Vergrößern Aktien Frankfurt: Dax deutlich im Minus - Sorgen um neuen Streit in Griechenland | Bild: © ad-hoc-news

Marktexperten verwiesen darauf, dass die rechtsgerichtete Laos-Partei nicht für das mit der Troika aus Europäischer Union, Europäischer Zentralbank und Internationalem Währungsfonds beschlossene Sparpaket stimmen will. Sie ist die kleinste der drei an der Regierung beteiligten Parteien. Die beiden anderen - die sozialistische Pasok und die konservative Nea Dimokratia - haben auch ohne Laos eine große Mehrheit im Parlament. Allerdings gibt es wohl vor allem auch in der Pasok eine Reihe möglicher Abweichler.

Für Markus Huber, Aktienhändler bei ETX Capital, "haben sich die Dinge in den letzten 24 Stunden dramatisch geändert". Der Optimismus vieler Börsianer, dass die Griechen und Europa sich bald einig würden und ein Staatsbankrott abgewendet werde, habe merklich nachgelassen.

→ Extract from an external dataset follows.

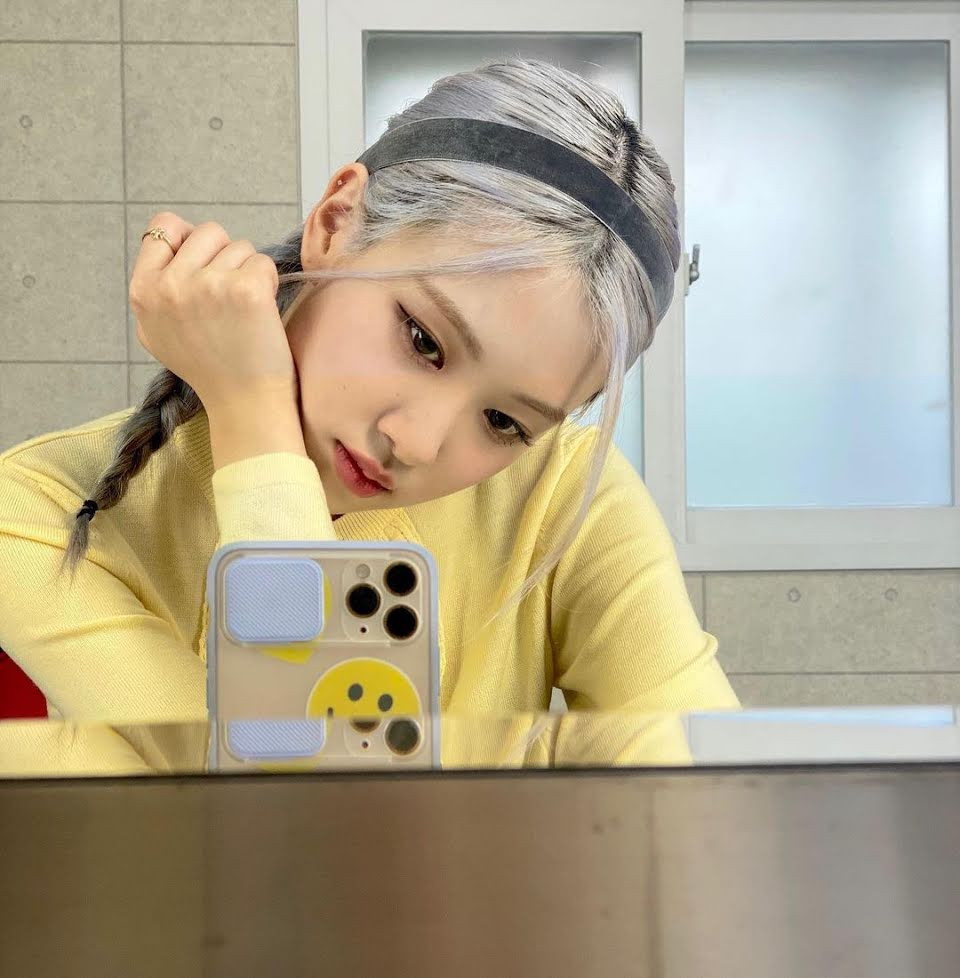 Muốn có ảnh selfie xịn xò với gương, hãy học ngay những bí quyết này của BLACKPINK! ảnh 7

Unternehmensnachrichten waren in Deutschland vor dem Wochenende dünn gesät. "An Konjunkturdaten könnte allenfalls das von der Universität Michigan erhobene amerikanische Verbrauchervertrauen noch für etwas Bewegung sorgen", sagte Analyst Werner Bader von der Landesbank Baden-Württemberg (LBBW).

BANKEN VERLIEREN - STUDIEN HILFT INFINEON

Bei den Bankenaktien sorgten die Verzögerungen bei Griechenlands Rettung für deutliche Verluste. Die Titel der Commerzbank büßten am Dax-Ende 7,32 Prozent auf 2,012 Euro ein. Für die Papiere der Deutschen Bank ging es um 4,98 Prozent auf 33,130 Euro bergab. Eine Hochstufung der US-Bank Goldman Sachs ließ hingegen die Aktien des Halbleiterkonzerns Infineon um 1,15 Prozent auf 7,541 Euro steigen, womit die Titel den zweiten Platz im Dax eroberten.

Im MDax verloren die Fraport-Aktien nach wenig inspirierenden Verkehrszahlen für den Januar 0,98 Prozent auf 44,685 Euro. Der Frankfurter Flughafenbetreiber ist dank des zunächst milden Winterwetters mit einem deutlichen Passagierplus ins neue Jahr gestartet. Im Frachtgeschäft zeigte die Entwicklung hingegen nach unten.

RHÖN-KLINIKUM LEIDEN UNTER AUSBLICK

Für die Anteilsscheine von Rhön-Klinikum ging es um 3,21 Prozent auf 14,765 Euro bergab. Händler zeigten sich davon enttäuscht, dass der Klinikbetreiber, der den Zuschlag der Stadt Wiesbaden für eine Minderheitsbeteiligung an den Dr.-Horst-Schmidt-Kliniken erhalten hatte, deshalb für 2012 mit einem rückläufigen Überschuss rechnet. Der Teilverkauf ist zudem noch nicht in trockenen Tüchern, denn ein anlaufendes Bürgerbegehren gegen den Verkauf könnte die Unterschrift um entscheidende Wochen hinauszögern.

Die Aktien von Sky Deutschland stiegen indes nach einer positiv aufgenommenen Kapitalerhöhung an der MDax-Spitze um gut fünf Prozent. Börsianer lobten, mit der Maßnahme habe der Bezahlsender schon mehr als die Hälfte des 300 Millionen Euro neuen Kapitals eingenommen, die er bis Ende September anstrebe. Analyst Harald Heider von der DZ Bank sprach von einer "erfolgreichen Platzierung" und sieht Sky damit auch finanziell gut aufgestellt für den anstehenden Verkauf der Bundesligarechte.

Die Solarwerte profitierten von starken Branchenvorgaben aus den USA. Dort hatten laut Händlern Spekulationen auf eine steigende chinesische Nachfrage für Solarkollektoren eine Kursrally bei den börsennotierten Solarunternehmen ausgelöst. Im TecDax legten SMA Solar und Centrotherm um 3,42 respektive 2,88 Prozent zu.